The Netherlands, Denmark, and Australia were ranked as the top three pension systems by country, according to a report from Visual Capitalist analytics company. New Zealand, despite having little in the way of compulsory savings, came in at 8th in the world. Rounding out the top 10, in order, were: Finland, Sweden, Norway, Singapore, New Zealand, Canada, and Chile.
According to the analysis in the report, the US, with the largest pensions system in the world, was ranked only 17th. Meanwhile, Thailand, Argentina, and Turkey were ranked the worst. Visual Capitalist is an investment analytics company, founded in Vancouver in 2011, which produces reports on global industry trends. The latest report , written by Carmen Ang, one of the firm’s professional writers, is based on data from the Melbourne Mercer Global Pension Index, aimed to determine which countries’ pension systems are best equipped to take care of their elderly citizens and which are the worst. It’s not a report about super fund or pension assets size. It’s about the adequacy of retirement incomes.
“While it can be difficult to compare one country’s pension system with another, Visual Capitalist noted that there are certain universal elements that can lead to adequate and stable support for pensioners,” the report said. According to the global media outlet Asset International, through its daily newsletter ‘Chief Investment Officer’ (‘CIO’), universal elements were broken down into three sub-indices: adequacy, sustainability and integrity.
“Adequacy refers to the base-level of income, as well as the design of a country’s private pension system. Sustainability refers to the state pension age, the level of advanced government funding, and the level of government debt. And integrity refers to regulations and governance set in place to protect plan members. The three measures were used to rank 37 countries’ pension systems, which represent more than 63 per cent of the world’s population.”

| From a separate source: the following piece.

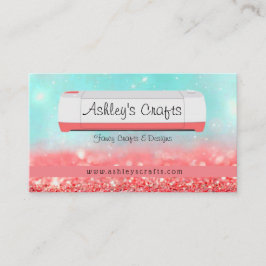 Vinyl Crafting and Design - Coral & Turquoise Busi Visitenkarte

Australia always rates well in these sort of studies because of the compulsory nature of its system, which currently mandates 9.5 per cent of workers’ wages into super accounts, scheduled to move to 12 per cent by July next year. New Zealand, which has less compulsion, is possibly more exemplary. The report said that ‘sustainability’ was particularly significant because of the world’s aging population, as people increasingly started to cash in on their savings.
Denmark was ranked as the country with the most sustainable pension, as it not only has a strong basic pension plan, but it also has mandatory workplace pensions, which means employers are required by law to provide pension plans for their workers. Several countries ranked high on the adequacy part of the scoring but low in sustainability. For example, while Ireland had the highest rank for adequacy, it had a relatively low sustainability ranking. This is partially attributed to Ireland’s low level of occupational coverage and its rapidly aging population, as the country’s worker to retiree ratio is expected to fall to 2:1 from 5:1 by 2050. Likewise, Spain had a high adequacy rating but ranked very low in sustainability due to its low occupational pension participation and low fertility rate, which means its worker-to-retiree ratio is also expected to decrease.
CIO said some general recommendations from the Mercer Index included how countries can improve their pension systems. These include increasing the retirement age to help balance the worker-to-retiree ratio; enforcing mandatory occupational plans; limiting access to benefits by prohibiting people from dipping into their savings pre-emptively and establishing strong pension assets to fund future liabilities.